Now, how was I going to get her to Daddy’s house, and successfully present her to him? I didn’t have a cat carrier. What I had was a deluxe chicken “carrier” that my son made for an exhibit in the county fair. It was big, in the shape of a barn; a work of art. I fixed it with bedding, a small pan of litter, and attached a sign that read, “Happy Birthday! My name is Booney. Love, Barbara” My sister’s name. Blaming it on my sister had become an integral part of my plan. I put Booney in, lashed the barn doors together, and we hit the road, for the seven hour drive to mom and dad’s house. It was immediately clear that Booney wasn’t at all happy with the arrangement. She told me so in no uncertain terms. As I drove down the freeway, I tried to assure her that she wasn’t going to die; that everything was alright. After about thirty minutes, she became quiet and I breathed a sigh of relief. In the next breath, I heard a sweet little “meow” at my right elbow! Alarm ran through me like and electric shock. The little Houdini had escaped and was loose in the car! Now what am I going to do? That’s when she decided to explore, of course. She climbed over the top of my seat, down the side of the door, under my feet, and up onto the dash. I shooed her off the dash, while trying to get out of the left lane, where I was doing seventy miles an hour, telling her as calmly as possible “You can’t go there!” By the time I was able to pull over; she had curled up on the seat next to me. I decided to leave well enough alone. There didn’t seem to be much point in trying to stuff her back into the chicken palace. Instead I spent the rest of the trip working on presenting the cat I’d been forbidden to give.

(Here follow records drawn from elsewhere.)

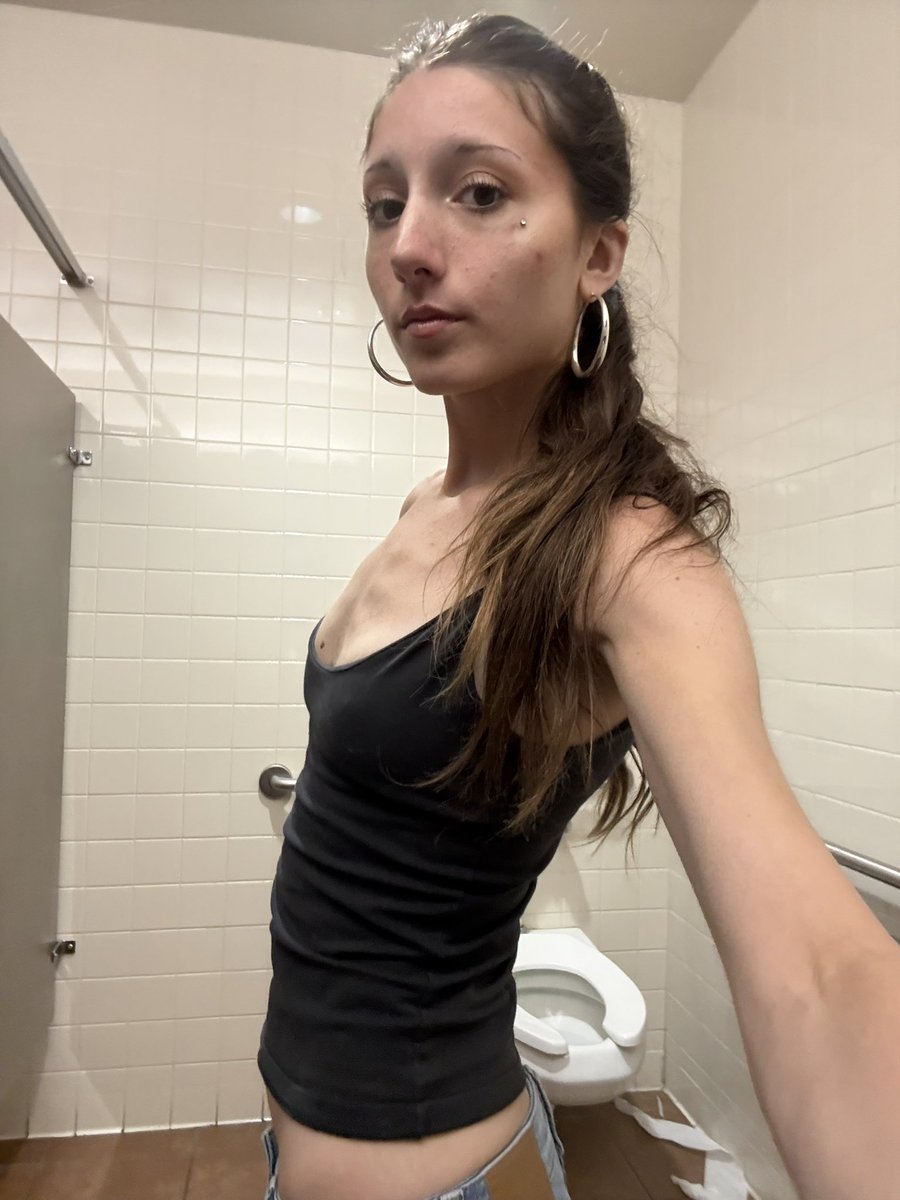 prettyskinny tweet media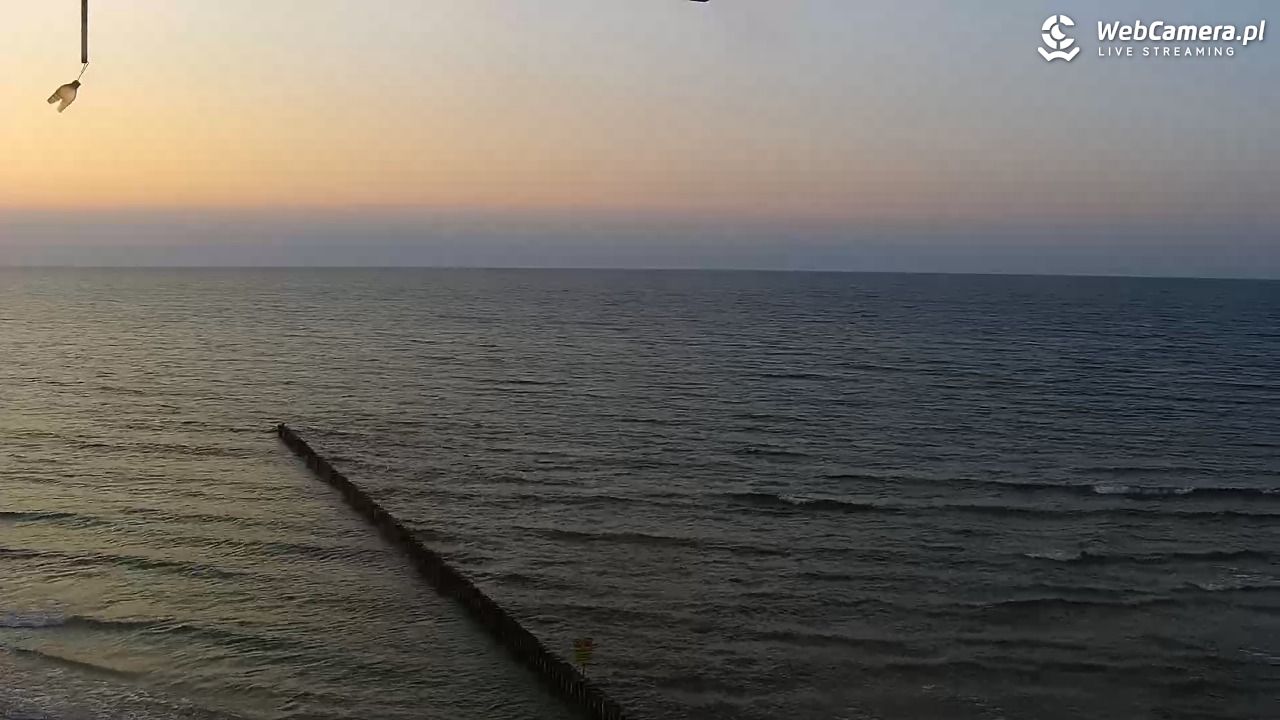 TRZĘSACZ - widok na plażę - 04 sierpień 2026, 20:25
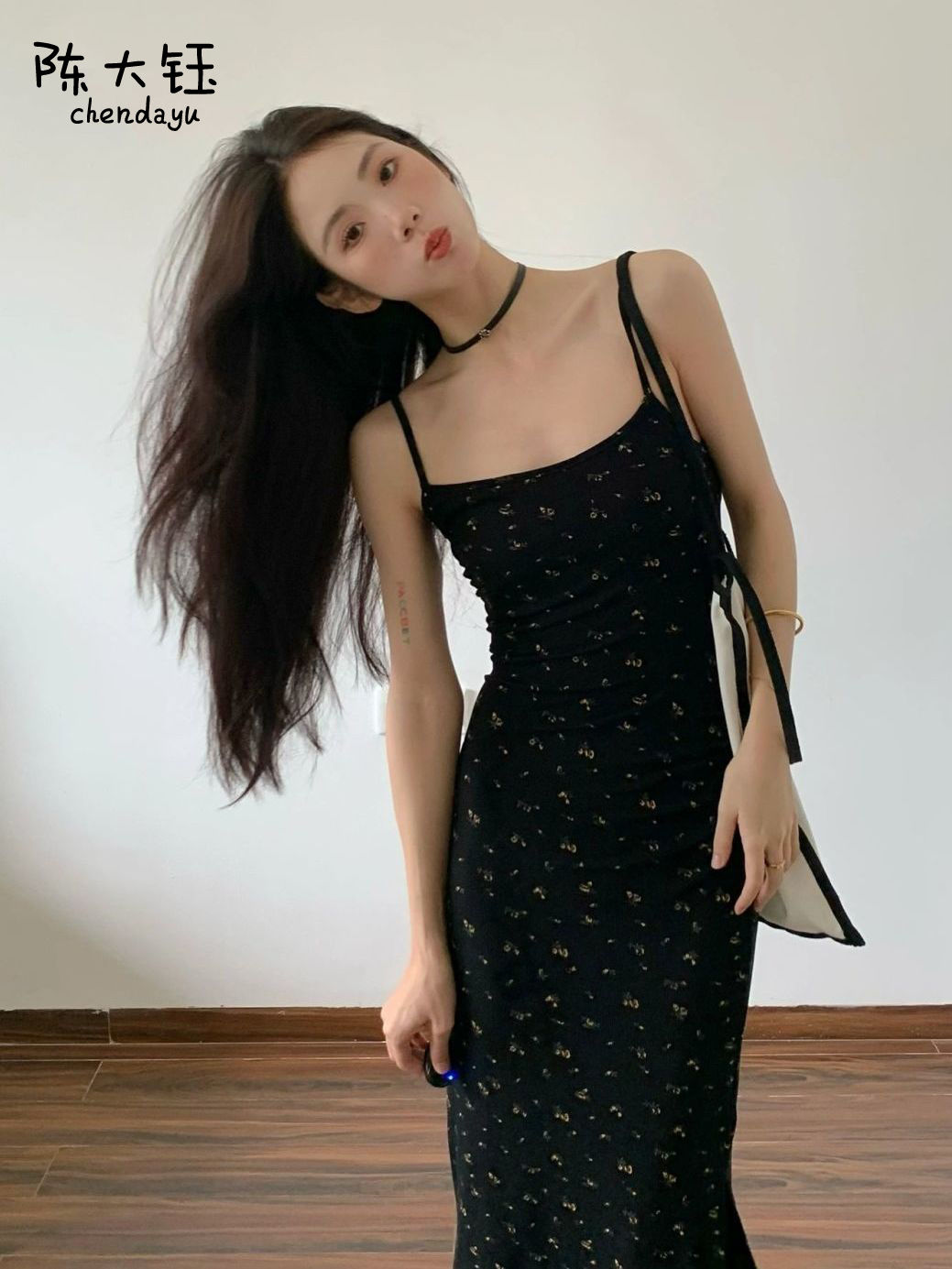 陳大鈺法式桔梗黑色碎花吊帶連衣裙女顯身材高級感氣質包臀長裙子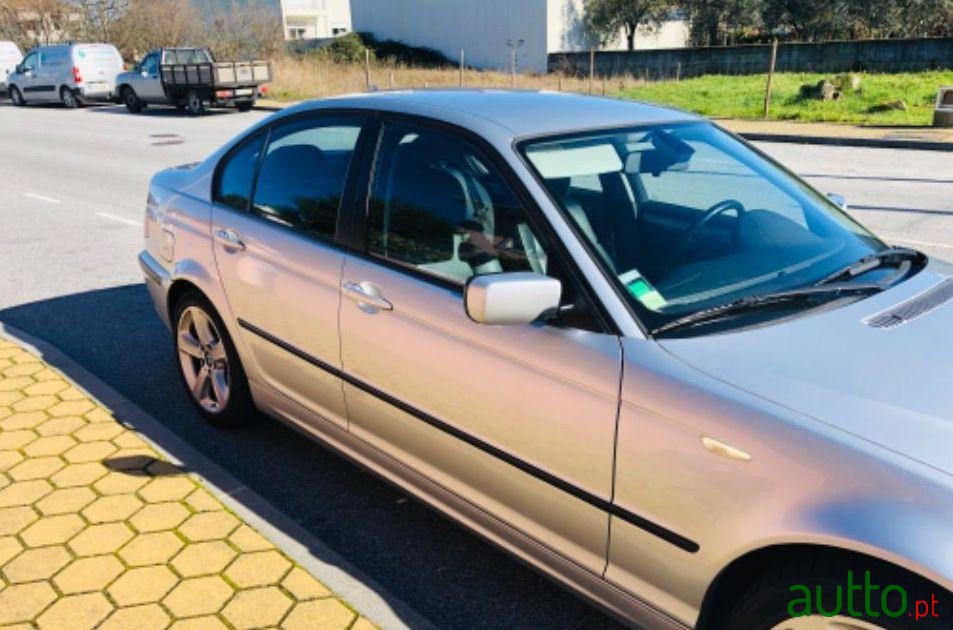 2004' BMW 320 photo #1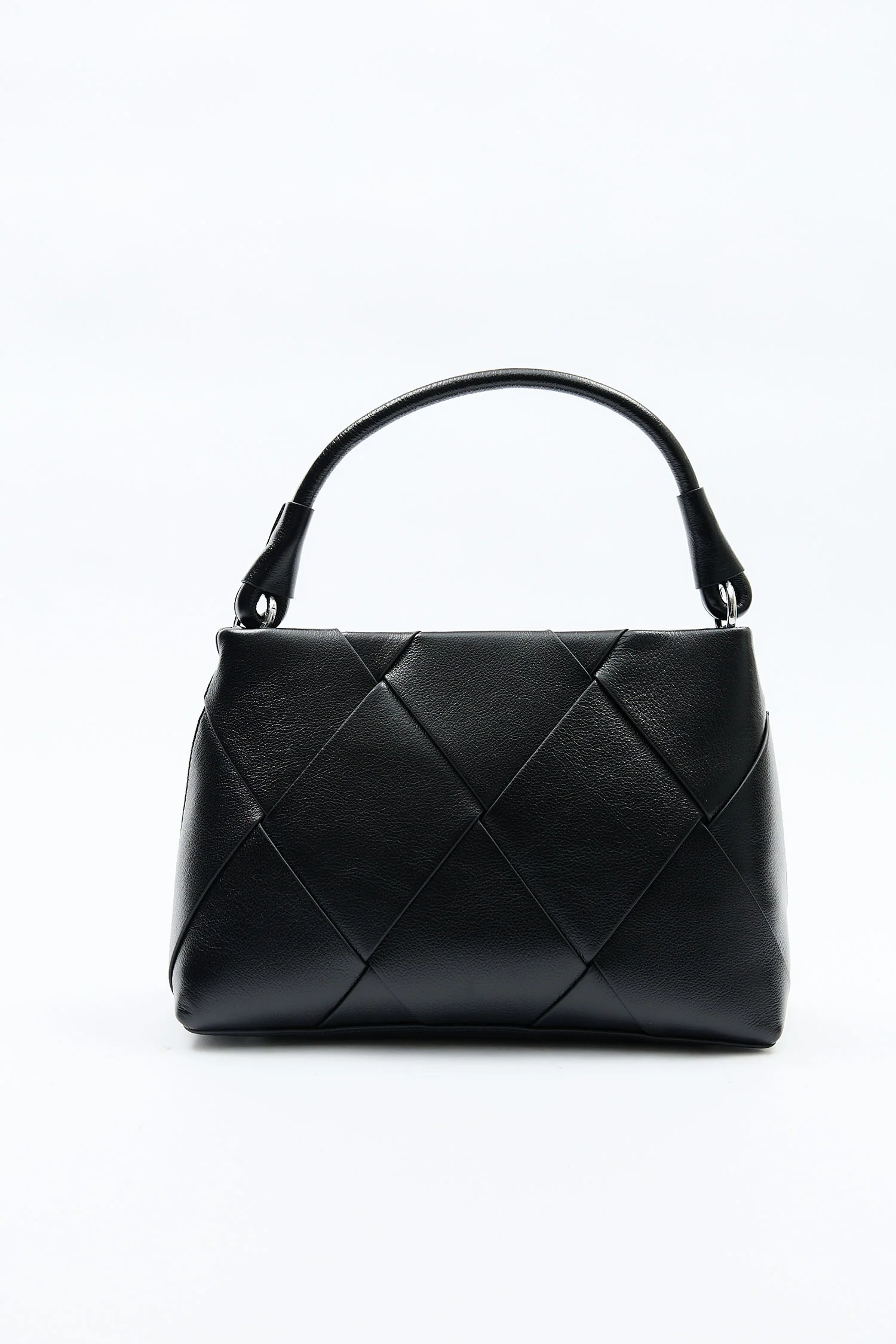 Estra Black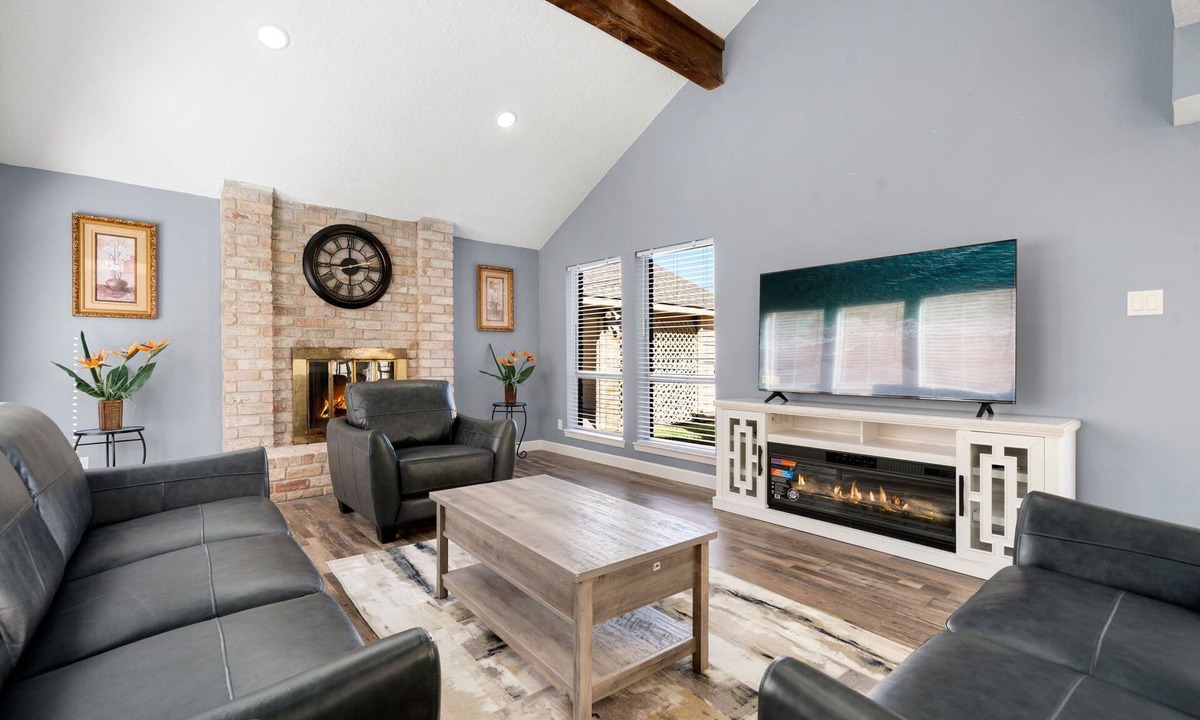 George Bush Park/Eldridge House | Houston Energy Corridor Home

It was dark when we arrived, so I scooped Booney up and knocked on the front door. I never went in by the front door, and I never knocked, so it was kind of a diversionary tactic. Daddy opened the door and I thrust Booney into his hands saying, “Here, hold this! Fine thing, I drive seven hours for your birthday and you don’t even have the porch light on for me!” Nothing like any of the scenarios I’d been rehearsing. He laughed and that was that! I’d given him a cat!
Booney sealed the deal the next day, with a paper bag. My mom was sitting on the couch and the bag lay open, on its side, in front of her. It was facing away from Mom, an irresistible invitation to Booney. Mom watched as Booney snuck up on the bag. As she started to go in, my mom tapped the other end of the bag with her shoe. Booney jumped straight up in the air, backwards, about four feet! My mother, who had lost most of her ability to speak, laughed out loud. Daddy looked at me and said “You did the right thing.”
It was meant to be, of course. It would never have worked out so well if it hadn’t been. I gave Daddy the cat, and I gave Booney the job of taking care of him, and my mom too. She did her job to perfection.